Tuesday 23 October 2012

Garbage Cans Along the Beach


Garbage Cans Along the Beach

       By D (Twilled Curtains) R

Pukatowagon is hotter in May
Than boys on a nude beach at close of the day


Count your blessings name them one by one,” Enid Muswagon sang to herself as she bent over the stove and fished out the quarter that had fallen behind it. She added it to the jar of bus change and replaced it in the cupboard above the butter door. She had come from Mission Station this morning on Main Street. Drunks and poor people lined up quite a way down the block, starting at eleven o’clock. The soup was good. She had eaten two bowls and a couple of buns. Last night’s wine sat uneasy in her stomach.
       “A penny for your thoughts!” Count Gordon called through the window. He lived in the apartment adjacent to hers and separated by a couple of feet. He could reach in if he wished and borrow the dish detergent on her windowsill. She thought about how she needed to keep the lights off when she paraded around at night without clothes on sometimes if she had to go into the kitchen for some reason. Sleepy, she forgot now and then, and assumed that the Count had seen her naked on more than one occasion.
       “What’s that smell?” Enid called to him and he stuck his head into her window. He did not seem to know what she was referring to and she explained it to him.
       “It smells like your dog came in here last night and shat all over my floor. It also smells, on top of that, as if your sewer pipes had exploded and plastered junk and sour stuff over half my apartment. Not only that, but it stinks like rotten meat left in the sun for a week and then dipped in old castor oil.” She returned to the window where the Count lounged and listened. He pulled out a pipe and put tobacco in it and lit it.
       “That would explain my stomach!” he said. “The tobacco will help.” He puffed voluminously and sent the billows in the direction of her window. He was not fully dressed, in a sleeveless t-shirt and jeans, and cited the early hour as an excuse.
“Would you care for a cuppa?” he asked and disappeared and returned in a minute with a steaming mug that he reached over her windowsill. He whistled tunelessly and then sang a happy melody from a musical she did not recognize. The words were foreign, probably Italian. She asked him what the story was. He told her it concerned the death of a young boy who had loved a girl very much who did not want him to love her.
“That is very sad,” she said. “Does she die, too?” She leaned out the window and took no notice of the traffic that slid by to her left on Alamont. An older man stood between the buildings fiddling with his fly. Enid sipped the coffee and listened.
“Who told you that?” he said. After a minute he continued. “The girl dies many years later in an accident. She falls from a window where she has been sitting alone looking out of over a lake. One knows that she has been thinking of very little for she sings at that moment about the seagulls swooping over the bay. It ends with the ambulance arriving and taking her away, while out on the lake boats ply their trade and the wind continues its gentle soughing. Smoke from the peat fire burns the eyes of passersby.”
Enid thanked him and returned to her preparations. She was getting ready to return to the Mission Station.
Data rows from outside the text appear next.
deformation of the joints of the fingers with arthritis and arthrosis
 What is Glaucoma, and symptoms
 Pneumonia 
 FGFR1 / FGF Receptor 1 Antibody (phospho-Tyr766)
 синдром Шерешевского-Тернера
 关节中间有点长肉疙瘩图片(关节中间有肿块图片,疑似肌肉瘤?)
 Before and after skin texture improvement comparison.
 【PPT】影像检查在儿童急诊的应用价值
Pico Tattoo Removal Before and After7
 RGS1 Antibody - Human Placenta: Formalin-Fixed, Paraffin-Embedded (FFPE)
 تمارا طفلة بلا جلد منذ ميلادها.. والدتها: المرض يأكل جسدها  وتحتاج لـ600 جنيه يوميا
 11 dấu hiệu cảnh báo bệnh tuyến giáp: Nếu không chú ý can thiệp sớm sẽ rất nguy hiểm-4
She loaded her minivan with her amp and guitar and mikes and stands and drove across town. She got help unloading and setting up from a few of the regulars there who faithfully came to hear her. She sang half a dozen numbers for the down and outers after their supper of fish and potatoes and then packed up and drove home again. She sat in the window in the warm June night air and listened to the few seagulls still squawking around the garbage cans along the beach. Smoke from a campfire on the point drifted past her apartment. It tasted nice on her tongue.